◆ **What to do**
Each record below should be returned word for word, with no pictures included.

◆ **Listed records**
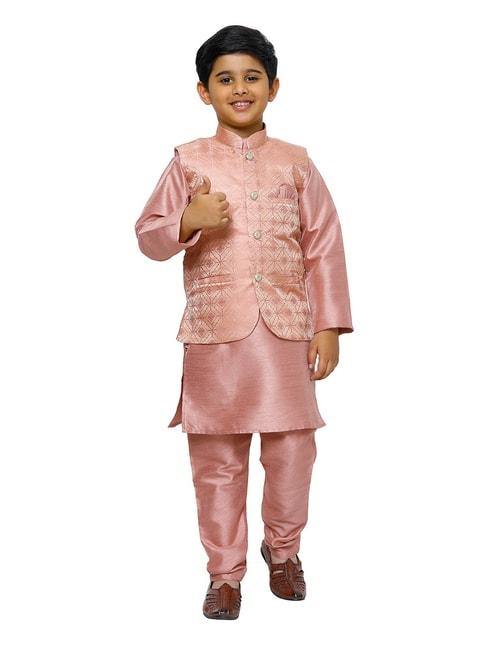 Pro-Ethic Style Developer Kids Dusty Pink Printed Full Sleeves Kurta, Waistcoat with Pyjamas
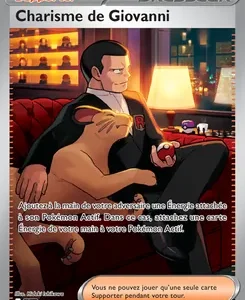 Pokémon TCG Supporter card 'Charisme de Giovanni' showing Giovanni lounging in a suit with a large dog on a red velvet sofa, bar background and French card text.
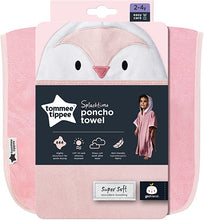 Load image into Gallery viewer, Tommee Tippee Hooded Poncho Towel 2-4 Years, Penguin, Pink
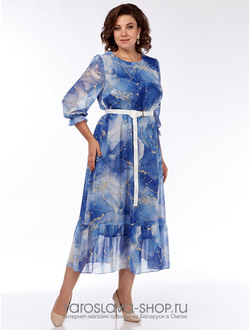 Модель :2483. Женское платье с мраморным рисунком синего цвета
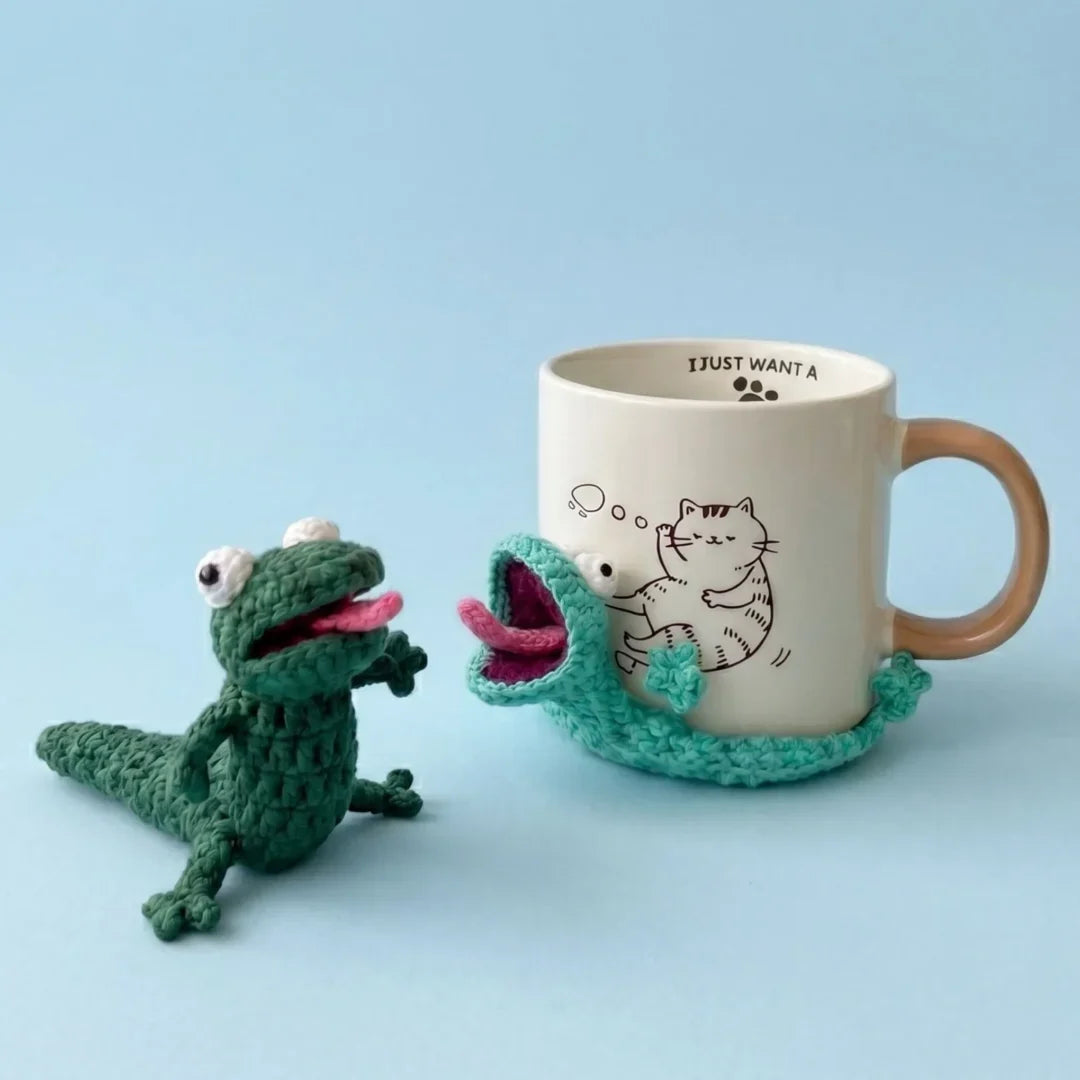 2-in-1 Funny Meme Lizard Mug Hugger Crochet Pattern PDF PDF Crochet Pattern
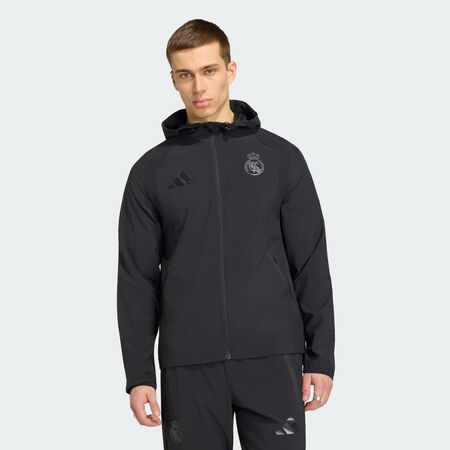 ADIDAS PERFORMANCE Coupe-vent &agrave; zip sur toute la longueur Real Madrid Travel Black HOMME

◆ **Expected output**
 Pro-Ethic Style Developer Kids Dusty Pink Printed Full Sleeves Kurta, Waistcoat with Pyjamas
 Pokémon TCG Supporter card 'Charisme de Giovanni' showing Giovanni lounging in a suit with a large dog on a red velvet sofa, bar background and French card text.
 Load image into Gallery viewer, Tommee Tippee Hooded Poncho Towel 2-4 Years, Penguin, Pink
 Модель :2483. Женское платье с мраморным рисунком синего цвета
 2-in-1 Funny Meme Lizard Mug Hugger Crochet Pattern PDF PDF Crochet Pattern
 ADIDAS PERFORMANCE Coupe-vent &agrave; zip sur toute la longueur Real Madrid Travel Black HOMME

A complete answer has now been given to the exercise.